- TASK:
Set down each record that follows exactly. Drop the images.

- RAW DATA:
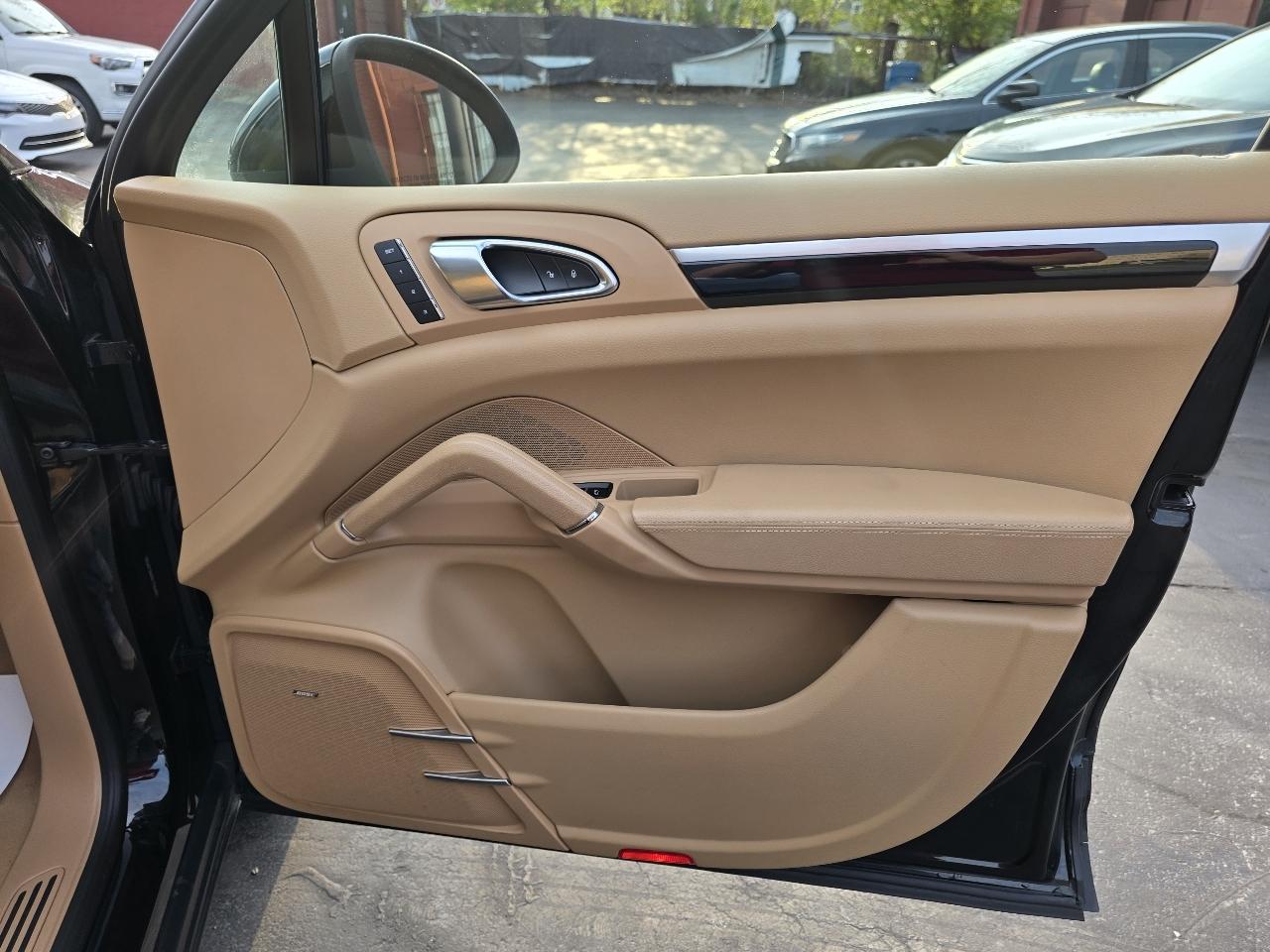 Porsche Cayenne Base 2013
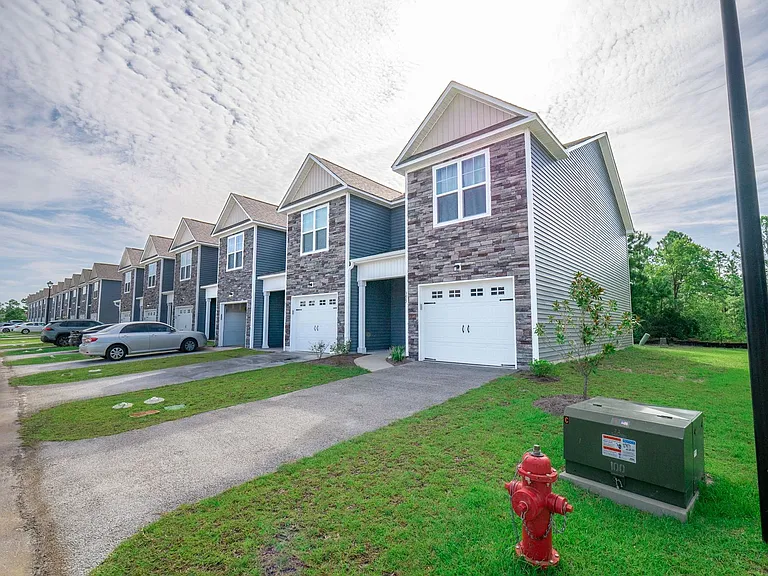 355 S Stingray Ln — Photo 3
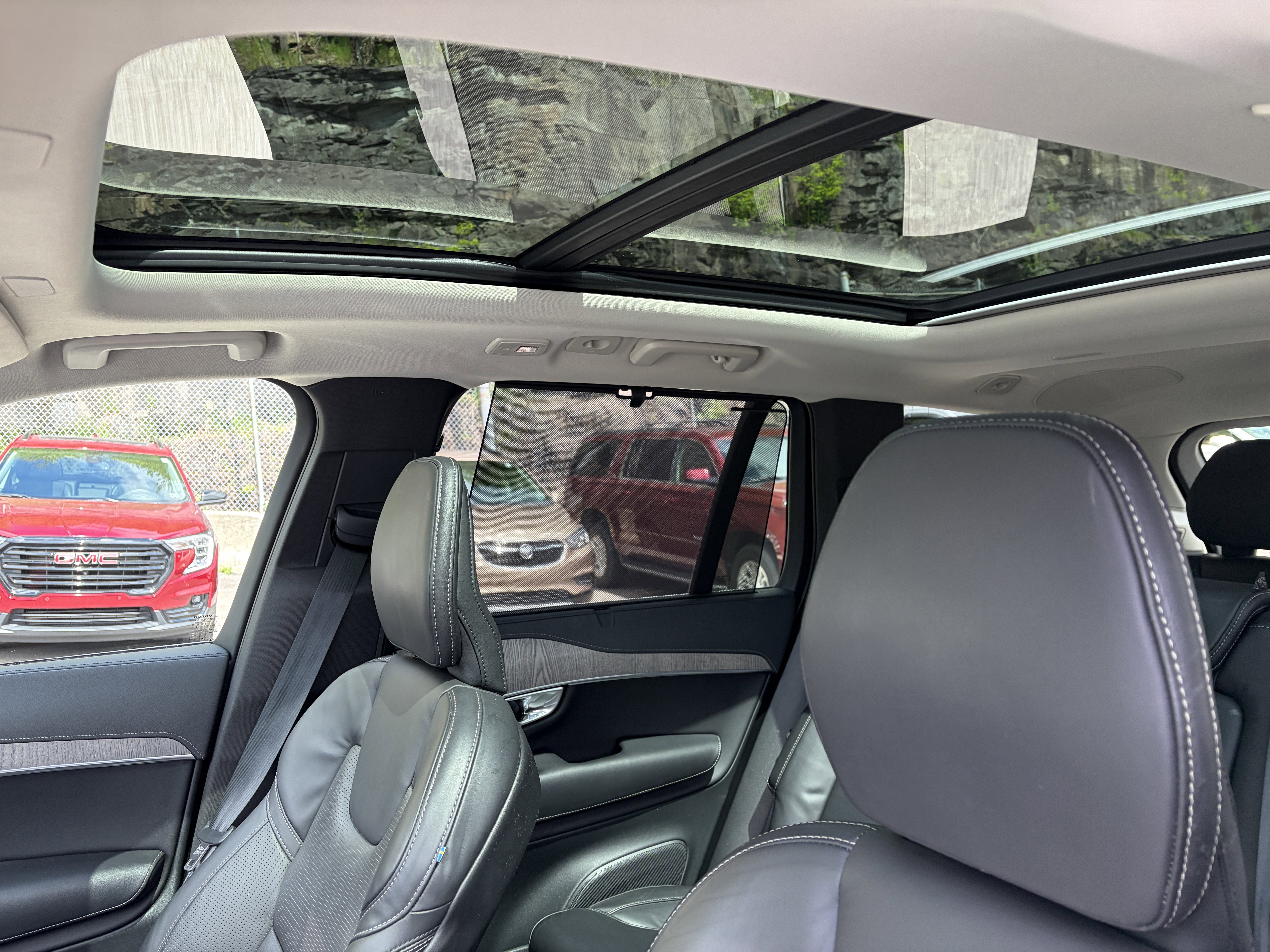 2023 Volvo XC90 B6 Ultimate 7-Seater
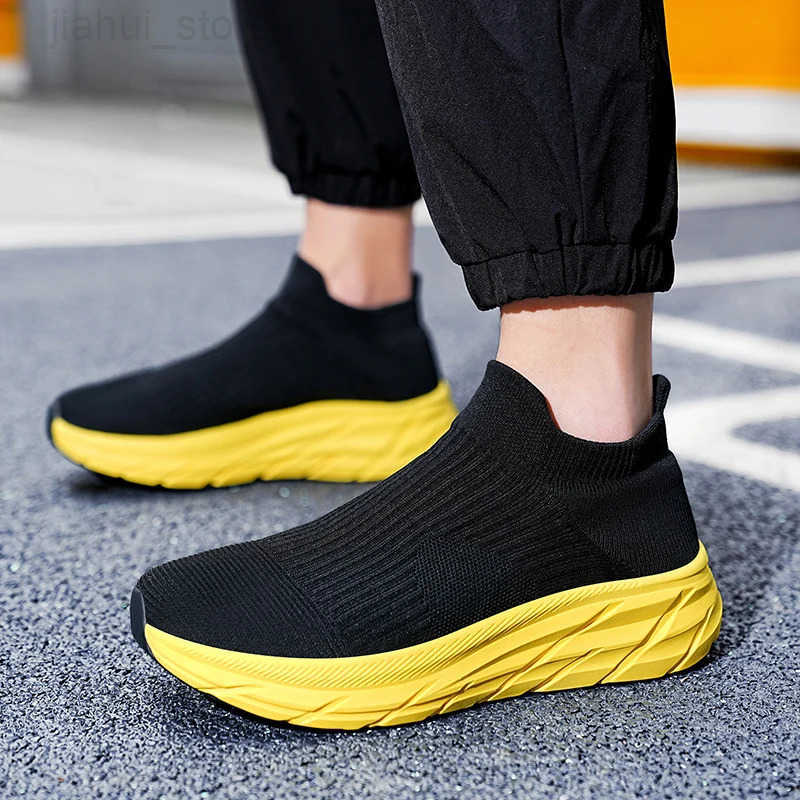 Hot Sale Unisex Knitted Sneakers Light Comfortable SlipOn Running Shoes Men Fashion Platform Sports Shoes Woman Tennis Footwear M250924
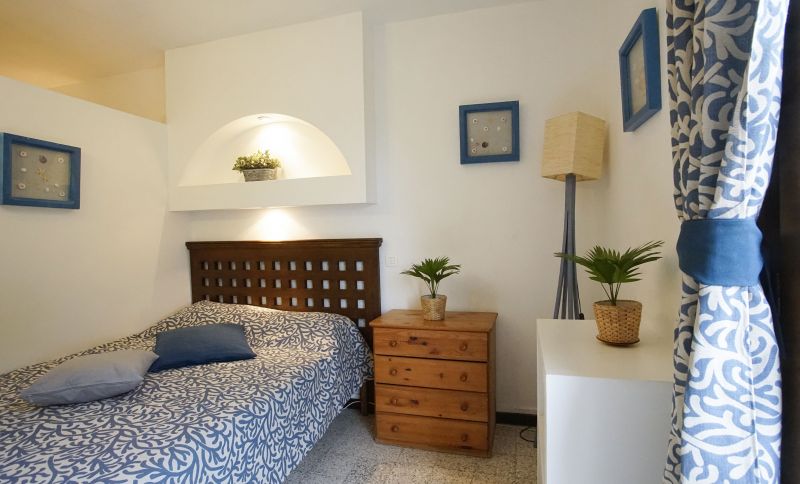 photo 1 Owner direct vacation rental Hyres studio Provence-Alpes-Cte d'Azur Var bedroom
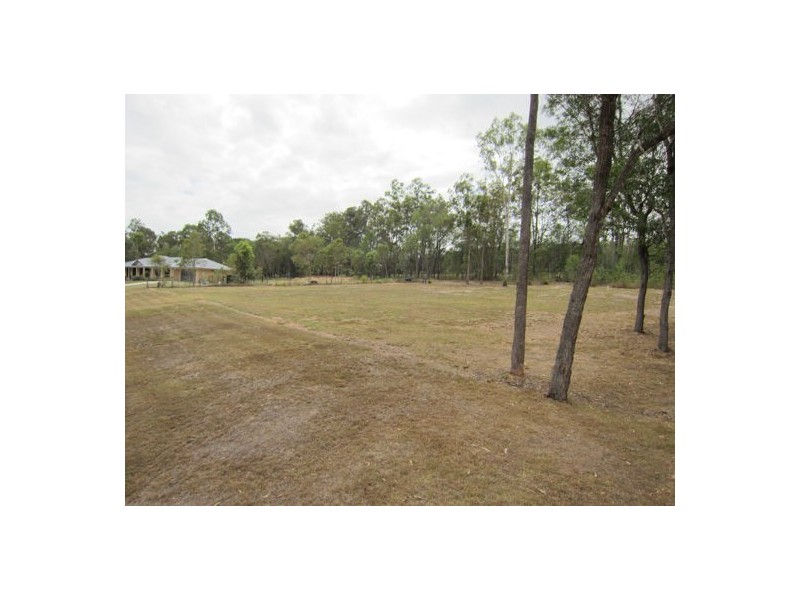 71 Cabernet Crescent, Pine Mountain QLD 4306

- RESULT:
 Porsche Cayenne Base 2013
 355 S Stingray Ln — Photo 3
 2023 Volvo XC90 B6 Ultimate 7-Seater
 Hot Sale Unisex Knitted Sneakers Light Comfortable SlipOn Running Shoes Men Fashion Platform Sports Shoes Woman Tennis Footwear M250924
 photo 1 Owner direct vacation rental Hyres studio Provence-Alpes-Cte d'Azur Var bedroom
 71 Cabernet Crescent, Pine Mountain QLD 4306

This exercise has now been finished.